Radhika Gupta, the MD and CEO of Edelweiss, recently took to social media platform X, formerly Twitter to share an advice on mutual fund investing. In her posts, she noted the importance of having a stable, diversified portfolio, likening it to a diet of "dal-chawal," which is a staple in many Indian households.
Gupta warned investors about the risks of heavily investing in narrow sectoral funds. She shared an example of an investor who had spread Rs 27,000 worth of monthly SIPs across 31 funds, 15 of which were narrow sectoral ones. She called this a dangerous strategy, especially in uncertain times.
“A danger in these times is to fill your portfolio with narrow ideas that ideally are satellite allocation. Remember, 80% of the portfolio should be ‘dal-chawal’ funds!” Gupta wrote in her post.
What Are "Dal-Chawal" Funds?
Gupta in her post added that "dal-chawal" funds are broad-based mutual funds that span various sectors and are designed to perform well across different market conditions.
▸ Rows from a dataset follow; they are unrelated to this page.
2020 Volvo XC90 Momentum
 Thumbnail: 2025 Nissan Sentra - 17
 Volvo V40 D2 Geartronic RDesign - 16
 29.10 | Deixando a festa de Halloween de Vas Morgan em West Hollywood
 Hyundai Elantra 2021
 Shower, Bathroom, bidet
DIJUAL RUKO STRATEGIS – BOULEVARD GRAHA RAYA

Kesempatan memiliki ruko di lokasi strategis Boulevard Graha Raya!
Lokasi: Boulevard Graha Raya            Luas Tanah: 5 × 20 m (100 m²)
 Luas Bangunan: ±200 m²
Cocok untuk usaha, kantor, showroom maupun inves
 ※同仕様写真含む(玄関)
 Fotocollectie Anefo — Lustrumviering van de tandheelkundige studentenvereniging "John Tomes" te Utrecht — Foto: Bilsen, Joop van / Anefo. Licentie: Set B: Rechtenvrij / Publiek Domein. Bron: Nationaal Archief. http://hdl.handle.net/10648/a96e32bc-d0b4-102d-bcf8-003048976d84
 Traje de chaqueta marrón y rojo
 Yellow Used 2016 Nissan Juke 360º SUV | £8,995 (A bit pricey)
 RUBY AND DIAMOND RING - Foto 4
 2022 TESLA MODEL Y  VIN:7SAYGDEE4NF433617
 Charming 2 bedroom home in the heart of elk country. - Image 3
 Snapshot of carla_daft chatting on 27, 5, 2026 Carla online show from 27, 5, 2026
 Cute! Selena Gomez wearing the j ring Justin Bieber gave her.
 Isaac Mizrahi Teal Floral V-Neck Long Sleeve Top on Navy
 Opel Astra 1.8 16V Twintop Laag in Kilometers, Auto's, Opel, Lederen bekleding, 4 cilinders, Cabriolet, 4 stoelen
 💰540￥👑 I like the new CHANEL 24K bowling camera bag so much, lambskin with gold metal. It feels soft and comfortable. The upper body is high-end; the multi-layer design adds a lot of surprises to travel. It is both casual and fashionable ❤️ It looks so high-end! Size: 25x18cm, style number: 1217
These funds include hybrid funds, diversified equity funds, and broad-based index funds, such as flexi, multi, large and mid-cap funds, as well as 250-500 index funds.
“Active or passive doesn’t matter — the point is not a narrow theme-based fund that works in one cycle and not in the next,” added Gupta.
Why Invest in "Dal-Chawal" Funds?
One of the primary reason for investing in "dal-chawal" funds is their ability to provide stability and cover through various market cycles.
Gupta also added to it the importance of diversification, using the old adage, “don’t put all your eggs in one basket.”
Sector Funds
She also in a series of another X posts addressed the current popularity of sector funds.
Gupta noted that while these funds might align with market returns in the long run, they rarely outperform the market.